**YOUR INSTRUCTIONS:**
Give back every entry exactly as it is written, but not the pictures.

**ENTRIES SHOWN:**
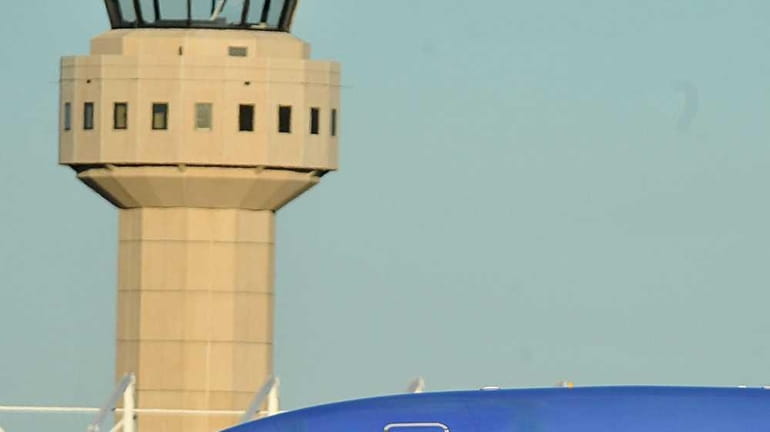 A Southwest Airlines 737 plane taxis past the air traffic...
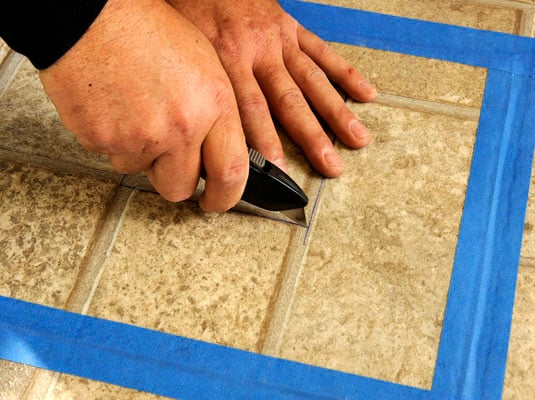 Cut through both layers of vinyl at once, the scrap and the flooring.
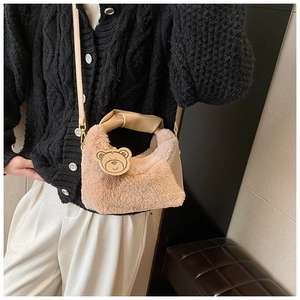 Dettaglio della borsa in peluche beige con manico in pelle e ciondolo a forma di orso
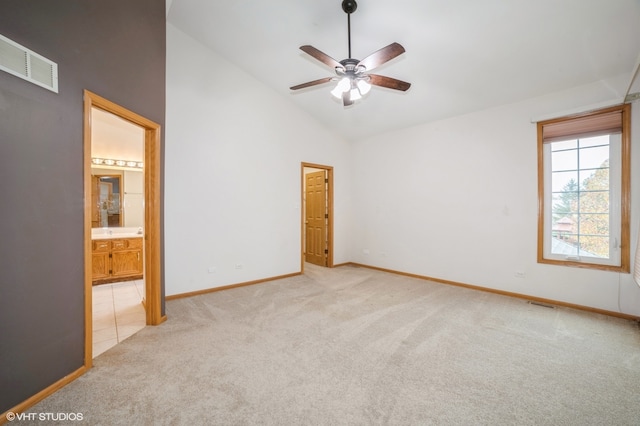 unfurnished bedroom with ensuite bath, ceiling fan, high vaulted ceiling, light colored carpet, and a closet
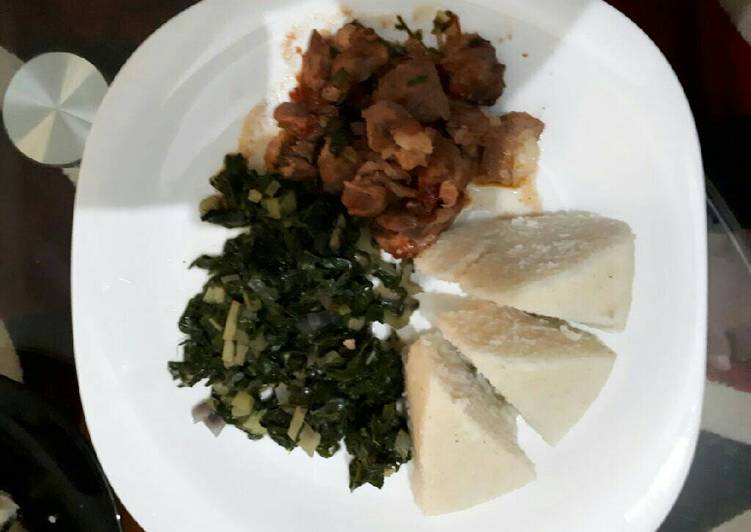 Goat stew served with ugali and spinach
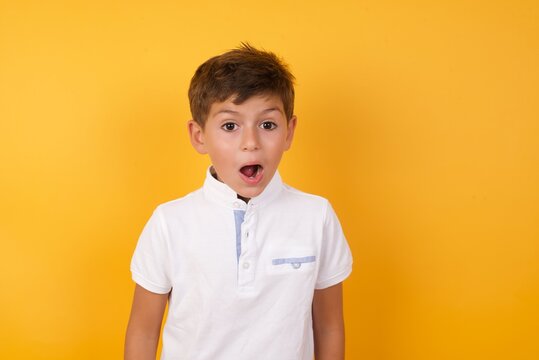 little cute Caucasian boy kid wearing white t-shirt against yellow wall having stunned and shocked look, with mouth open and jaw dropped exclaiming: Wow, I can't believe this. Surprise and shock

**EXERCISE SOLUTION:**
 A Southwest Airlines 737 plane taxis past the air traffic...
 Cut through both layers of vinyl at once, the scrap and the flooring.
 Dettaglio della borsa in peluche beige con manico in pelle e ciondolo a forma di orso
 unfurnished bedroom with ensuite bath, ceiling fan, high vaulted ceiling, light colored carpet, and a closet
 Goat stew served with ugali and spinach
 little cute Caucasian boy kid wearing white t-shirt against yellow wall having stunned and shocked look, with mouth open and jaw dropped exclaiming: Wow, I can't believe this. Surprise and shock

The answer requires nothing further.